_PROBLEM DETAILS_
Extract from the entries below, exactly as given, only the lines from the line containing "Konsole Twin Famicom" to the line containing "Jewelry Candles Natural", both lines included.

═══ INFORMATION ═══

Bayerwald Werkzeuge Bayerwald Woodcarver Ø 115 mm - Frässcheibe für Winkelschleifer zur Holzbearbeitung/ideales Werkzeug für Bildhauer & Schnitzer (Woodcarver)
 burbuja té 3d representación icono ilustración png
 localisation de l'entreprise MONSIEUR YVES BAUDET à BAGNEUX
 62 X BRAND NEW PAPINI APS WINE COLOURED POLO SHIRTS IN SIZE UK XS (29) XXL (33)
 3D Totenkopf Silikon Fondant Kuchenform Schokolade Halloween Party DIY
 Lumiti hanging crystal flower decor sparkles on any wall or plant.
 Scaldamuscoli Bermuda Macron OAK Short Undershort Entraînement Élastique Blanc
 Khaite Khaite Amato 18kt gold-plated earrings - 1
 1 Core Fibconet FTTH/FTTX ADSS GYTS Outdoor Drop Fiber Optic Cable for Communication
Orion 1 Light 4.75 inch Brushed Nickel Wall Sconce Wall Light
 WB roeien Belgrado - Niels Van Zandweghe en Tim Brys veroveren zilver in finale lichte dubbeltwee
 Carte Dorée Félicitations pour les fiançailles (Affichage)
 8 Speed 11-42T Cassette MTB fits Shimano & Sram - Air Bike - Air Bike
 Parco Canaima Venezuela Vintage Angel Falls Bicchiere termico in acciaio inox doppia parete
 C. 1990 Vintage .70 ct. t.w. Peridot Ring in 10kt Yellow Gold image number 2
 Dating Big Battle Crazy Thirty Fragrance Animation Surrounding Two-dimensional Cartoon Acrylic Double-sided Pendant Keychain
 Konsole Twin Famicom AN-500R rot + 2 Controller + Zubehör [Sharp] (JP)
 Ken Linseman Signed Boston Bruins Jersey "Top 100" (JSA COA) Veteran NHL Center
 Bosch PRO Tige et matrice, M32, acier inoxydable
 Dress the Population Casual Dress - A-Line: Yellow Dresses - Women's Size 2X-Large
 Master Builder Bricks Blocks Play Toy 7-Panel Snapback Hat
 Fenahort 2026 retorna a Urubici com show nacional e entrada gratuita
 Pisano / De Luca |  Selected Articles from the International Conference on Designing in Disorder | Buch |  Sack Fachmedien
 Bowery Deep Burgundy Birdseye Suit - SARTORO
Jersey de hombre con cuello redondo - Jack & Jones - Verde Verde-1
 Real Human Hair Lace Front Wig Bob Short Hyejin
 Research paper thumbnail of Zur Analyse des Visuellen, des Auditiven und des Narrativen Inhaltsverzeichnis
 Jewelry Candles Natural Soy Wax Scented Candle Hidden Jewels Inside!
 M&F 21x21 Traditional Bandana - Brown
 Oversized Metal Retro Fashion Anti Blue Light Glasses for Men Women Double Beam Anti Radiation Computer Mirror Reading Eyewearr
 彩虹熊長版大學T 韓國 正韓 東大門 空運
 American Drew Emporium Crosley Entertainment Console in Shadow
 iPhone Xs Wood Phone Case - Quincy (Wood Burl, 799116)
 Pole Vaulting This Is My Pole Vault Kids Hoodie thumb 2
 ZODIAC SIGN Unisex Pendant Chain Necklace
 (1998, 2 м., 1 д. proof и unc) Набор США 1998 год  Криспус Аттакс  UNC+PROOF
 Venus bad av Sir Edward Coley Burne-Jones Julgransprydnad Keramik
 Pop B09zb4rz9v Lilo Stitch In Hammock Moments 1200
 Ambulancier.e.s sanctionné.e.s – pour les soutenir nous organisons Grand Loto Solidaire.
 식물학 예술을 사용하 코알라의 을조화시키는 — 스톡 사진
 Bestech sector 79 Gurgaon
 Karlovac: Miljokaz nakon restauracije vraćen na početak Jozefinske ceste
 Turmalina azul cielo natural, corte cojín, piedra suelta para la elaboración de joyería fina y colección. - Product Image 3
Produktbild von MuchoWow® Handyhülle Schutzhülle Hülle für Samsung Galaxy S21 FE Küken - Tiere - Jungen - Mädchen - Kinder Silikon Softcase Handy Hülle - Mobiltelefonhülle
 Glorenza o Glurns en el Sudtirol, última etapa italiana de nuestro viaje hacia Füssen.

═══

_ANSWER SPACE_
 Konsole Twin Famicom AN-500R rot + 2 Controller + Zubehör [Sharp] (JP)
 Ken Linseman Signed Boston Bruins Jersey "Top 100" (JSA COA) Veteran NHL Center
 Bosch PRO Tige et matrice, M32, acier inoxydable
 Dress the Population Casual Dress - A-Line: Yellow Dresses - Women's Size 2X-Large
 Master Builder Bricks Blocks Play Toy 7-Panel Snapback Hat
 Fenahort 2026 retorna a Urubici com show nacional e entrada gratuita
 Pisano / De Luca |  Selected Articles from the International Conference on Designing in Disorder | Buch |  Sack Fachmedien
 Bowery Deep Burgundy Birdseye Suit - SARTORO
Jersey de hombre con cuello redondo - Jack & Jones - Verde Verde-1
 Real Human Hair Lace Front Wig Bob Short Hyejin
 Research paper thumbnail of Zur Analyse des Visuellen, des Auditiven und des Narrativen Inhaltsverzeichnis
 Jewelry Candles Natural Soy Wax Scented Candle Hidden Jewels Inside!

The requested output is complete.